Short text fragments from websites
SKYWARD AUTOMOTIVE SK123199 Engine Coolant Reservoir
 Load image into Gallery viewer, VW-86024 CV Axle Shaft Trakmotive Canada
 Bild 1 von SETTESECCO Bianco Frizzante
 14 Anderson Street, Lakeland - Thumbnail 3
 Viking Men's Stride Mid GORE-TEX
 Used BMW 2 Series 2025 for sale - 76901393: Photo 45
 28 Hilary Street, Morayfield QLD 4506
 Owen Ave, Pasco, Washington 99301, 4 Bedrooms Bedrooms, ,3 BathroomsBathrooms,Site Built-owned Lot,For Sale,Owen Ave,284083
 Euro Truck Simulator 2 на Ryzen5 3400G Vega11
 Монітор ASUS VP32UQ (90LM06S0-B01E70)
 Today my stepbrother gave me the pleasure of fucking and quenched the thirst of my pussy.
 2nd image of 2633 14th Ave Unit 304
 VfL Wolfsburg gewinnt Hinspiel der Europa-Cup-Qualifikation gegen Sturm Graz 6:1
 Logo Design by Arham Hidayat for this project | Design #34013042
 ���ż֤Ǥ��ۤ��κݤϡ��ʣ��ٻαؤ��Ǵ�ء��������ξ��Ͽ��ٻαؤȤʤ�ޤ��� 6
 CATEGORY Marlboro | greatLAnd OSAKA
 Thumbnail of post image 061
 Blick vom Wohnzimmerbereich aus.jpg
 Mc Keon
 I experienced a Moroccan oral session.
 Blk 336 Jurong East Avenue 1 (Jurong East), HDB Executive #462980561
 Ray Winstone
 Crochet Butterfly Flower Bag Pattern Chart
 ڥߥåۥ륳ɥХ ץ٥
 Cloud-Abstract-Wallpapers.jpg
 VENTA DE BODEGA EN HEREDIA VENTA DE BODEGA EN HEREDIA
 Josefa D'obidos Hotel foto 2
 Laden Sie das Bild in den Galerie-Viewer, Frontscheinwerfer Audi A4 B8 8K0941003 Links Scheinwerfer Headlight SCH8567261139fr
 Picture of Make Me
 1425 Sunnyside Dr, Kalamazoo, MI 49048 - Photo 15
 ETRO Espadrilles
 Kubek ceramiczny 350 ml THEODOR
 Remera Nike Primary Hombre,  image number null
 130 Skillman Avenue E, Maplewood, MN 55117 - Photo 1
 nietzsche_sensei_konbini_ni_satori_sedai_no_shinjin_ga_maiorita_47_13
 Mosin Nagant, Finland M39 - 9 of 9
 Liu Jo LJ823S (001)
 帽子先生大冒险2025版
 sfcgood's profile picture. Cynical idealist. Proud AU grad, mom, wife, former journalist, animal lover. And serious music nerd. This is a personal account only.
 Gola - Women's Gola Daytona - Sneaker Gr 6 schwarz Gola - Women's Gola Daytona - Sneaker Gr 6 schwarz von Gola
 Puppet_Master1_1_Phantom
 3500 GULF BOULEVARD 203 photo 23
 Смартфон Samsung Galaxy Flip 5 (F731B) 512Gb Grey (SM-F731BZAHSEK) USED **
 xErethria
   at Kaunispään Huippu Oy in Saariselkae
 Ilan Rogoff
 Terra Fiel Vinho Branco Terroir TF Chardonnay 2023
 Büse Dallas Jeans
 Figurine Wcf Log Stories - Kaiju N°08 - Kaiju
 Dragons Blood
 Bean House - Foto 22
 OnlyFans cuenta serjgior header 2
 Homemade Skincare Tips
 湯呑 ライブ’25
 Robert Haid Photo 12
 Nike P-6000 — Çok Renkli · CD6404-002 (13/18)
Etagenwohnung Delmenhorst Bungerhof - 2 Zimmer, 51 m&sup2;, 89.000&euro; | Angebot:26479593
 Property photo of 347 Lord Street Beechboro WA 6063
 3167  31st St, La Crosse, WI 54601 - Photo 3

[ACTIVITY]
Beginning at the line with "Liu Jo LJ823S (001)" and stopping after the line with "Etagenwohnung Delmenhorst Bungerhof", please write out every line of the data above exactly and nothing else.

[RESPONSE]
 Liu Jo LJ823S (001)
 帽子先生大冒险2025版
 sfcgood's profile picture. Cynical idealist. Proud AU grad, mom, wife, former journalist, animal lover. And serious music nerd. This is a personal account only.
 Gola - Women's Gola Daytona - Sneaker Gr 6 schwarz Gola - Women's Gola Daytona - Sneaker Gr 6 schwarz von Gola
 Puppet_Master1_1_Phantom
 3500 GULF BOULEVARD 203 photo 23
 Смартфон Samsung Galaxy Flip 5 (F731B) 512Gb Grey (SM-F731BZAHSEK) USED **
 xErethria
   at Kaunispään Huippu Oy in Saariselkae
 Ilan Rogoff
 Terra Fiel Vinho Branco Terroir TF Chardonnay 2023
 Büse Dallas Jeans
 Figurine Wcf Log Stories - Kaiju N°08 - Kaiju
 Dragons Blood
 Bean House - Foto 22
 OnlyFans cuenta serjgior header 2
 Homemade Skincare Tips
 湯呑 ライブ’25
 Robert Haid Photo 12
 Nike P-6000 — Çok Renkli · CD6404-002 (13/18)
Etagenwohnung Delmenhorst Bungerhof - 2 Zimmer, 51 m&sup2;, 89.000&euro; | Angebot:26479593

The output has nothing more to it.